Welcome to pyESMDA’s documentation!#

pyESMDA#

🐍 A python impementation of the famous Ensemble Smoother with Multiple Data Assimilation (ESMDA).

pyesmda is an open-source, and object-oriented library that provides a user friendly implementation of one of the most popular ensemble based method for parameters estimation and data assimilation: the Ensemble Smoother with Multiple Data Assimilation (ES-MDA) algorithm, introduced by Emerick and Reynolds [1-2].

Thanks to its simple formulation, ES-MDA of Emerick and Reynolds (2012) is perhaps the most used iterative form of the ensemble smoother in geoscience applications.

The complete and up to date documentation can be found here: https://pyesmda.readthedocs.io.

🚀 Quick start#

To install pyesmda, the easiest way is through pip:

pip install pyesmda[examples]

Or alternatively using conda

conda install pyesmda[examples]

You might also clone the repository and install from source

pip install -e .[examples]

Once the installation is done, the ESMDA interface is ready to use.
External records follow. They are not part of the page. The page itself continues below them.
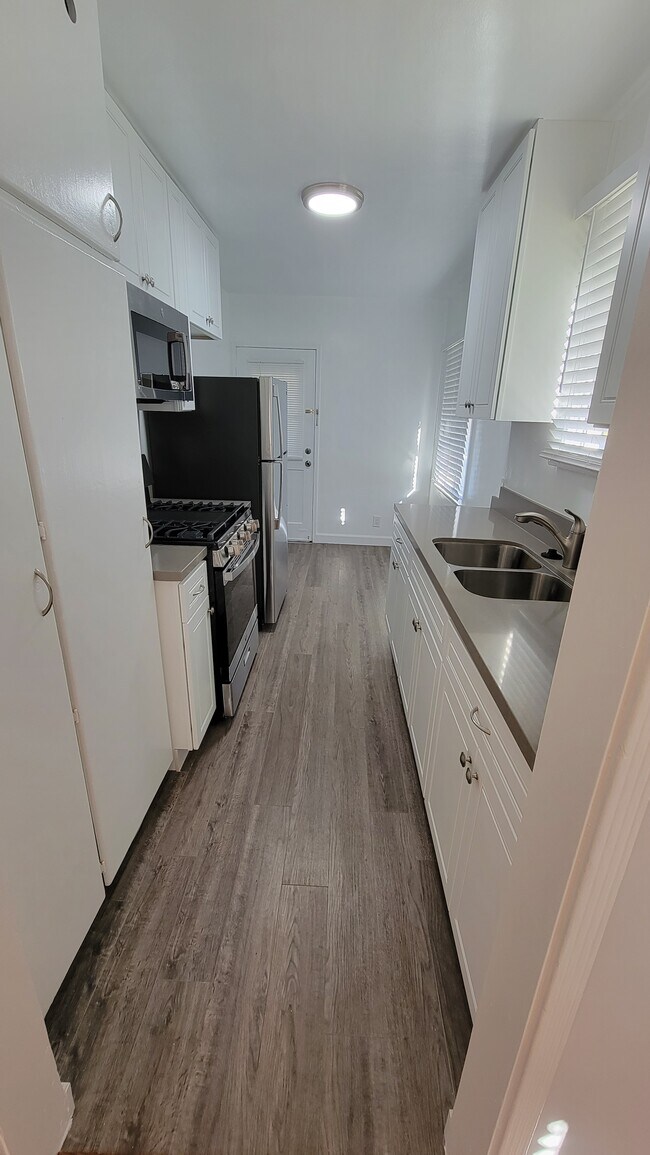 Foto del edificio - 2717 W Clark Ave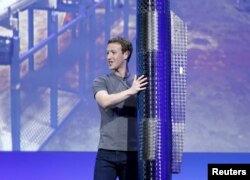 Facebook CEO Mark Zuckerberg holds a propeller pod of the solar-powered Aquila drone on stage during a keynote at the Facebook F8 conference in San Francisco, California, April 12, 2016.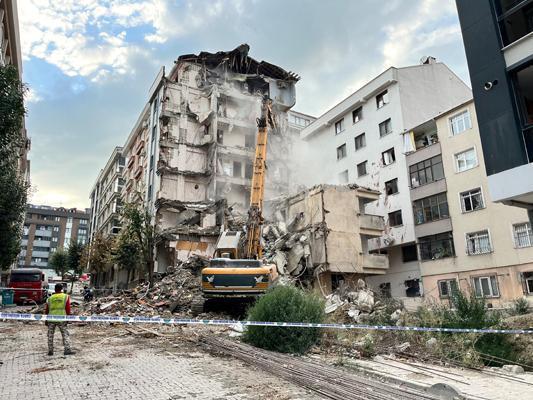 Yıkım çalışması sırasında yan bina zarar gördü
Let’s illustrate how to use the lib with is a simple example where amplitude and change factor parameters of n exponential function are estimated:

import numpy as np
from pyesmda import ESMDA, ESMDA_RS, ESMDA_DMC, ESMDAInversionType, FixedLocalization
import logging
import scipy as sp

# set logging level
logging.basicConfig(level=logging.INFO)

def exponential(p, x):
    """
    Simple exponential function with an amplitude and change factor.

    Parameters
    ----------
    p : tuple, list
        Parameters vector: amplitude i.e. initial value and change factor.
    x : np.array
        Independent variable (e.g. time).

    Returns
    -------
    np.array
        Result.

    """
    return p[0] * np.exp(x * p[1])


def forward_model(m_ensemble, x):
    """
    Wrap the non-linear observation model (forward model).
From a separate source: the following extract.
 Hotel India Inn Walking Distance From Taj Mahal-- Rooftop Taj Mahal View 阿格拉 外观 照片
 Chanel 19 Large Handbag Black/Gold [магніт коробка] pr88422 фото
    Function calling the non-linear observation model (forward model).
    for all ensemble members and returning the predicted data for
    each ensemble member.

    Parameters
    ----------
    m_ensemble : np.array
        Initial ensemble of N_{e} parameters vector..
    x : np.array
        Independent variable (e.g. time).

    Returns
    -------
    d_pred: np.array
        Predicted data for each ensemble member.
    """
    # Initiate an array of predicted results.
    d_pred = np.zeros([x.shape[0], m_ensemble.shape[1]])
    for j in range(m_ensemble.shape[1]):
        # Calling the forward model for each member of the ensemble
        d_pred[:, j] = exponential(m_ensemble[:, j], x)
    return d_pred

    # seed for the reproductibility
    seed = 0
    rng = np.random.default_rng(seed=seed)

    # a and b are the reference parameters that we look for
    a = 10.0
    b = -0.0020
    # timesteps
    x = np.arange(500)
    # Generate synthetic data used as observations
    obs = exponential((a, b), x) + rng.normal(0.0, 1.0, 500)
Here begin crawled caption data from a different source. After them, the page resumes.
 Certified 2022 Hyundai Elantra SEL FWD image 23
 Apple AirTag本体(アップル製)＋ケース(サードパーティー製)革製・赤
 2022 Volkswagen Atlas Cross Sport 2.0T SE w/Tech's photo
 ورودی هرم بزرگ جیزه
The optimal solution (a, b) can be found following:

# Initiate an ensemble of (a, b) parameters
n_ensemble = 100  # size of the ensemble
# Uniform law for the parameter a ensemble
ma = rng.uniform(low=-10.0, high=50.0, size=n_ensemble)
# ma = rng.normal(loc=20.0, scale=20.0, size=n_ensemble)
# Uniform law for the parameter b ensemble
mb = rng.uniform(low=-0.001, high=0.01, size=n_ensemble)
# mb = rng.normal(loc=-.002, scale=.005, size=n_ensemble)
# Prior ensemble
m_ensemble = np.stack((ma, mb), axis=0)

# Observation error covariance matrix
A = rng.normal(loc=0, scale=0.25, size=((obs.size, obs.size)))
# make it PSD by adding strong weight on the diagonal
A.flat[:: A.shape[0] + 1] += 15.0
# perform cholesky factorization
cov_obs = covmats.CovViaCholesky(sp.linalg.cholesky(A, lower=True))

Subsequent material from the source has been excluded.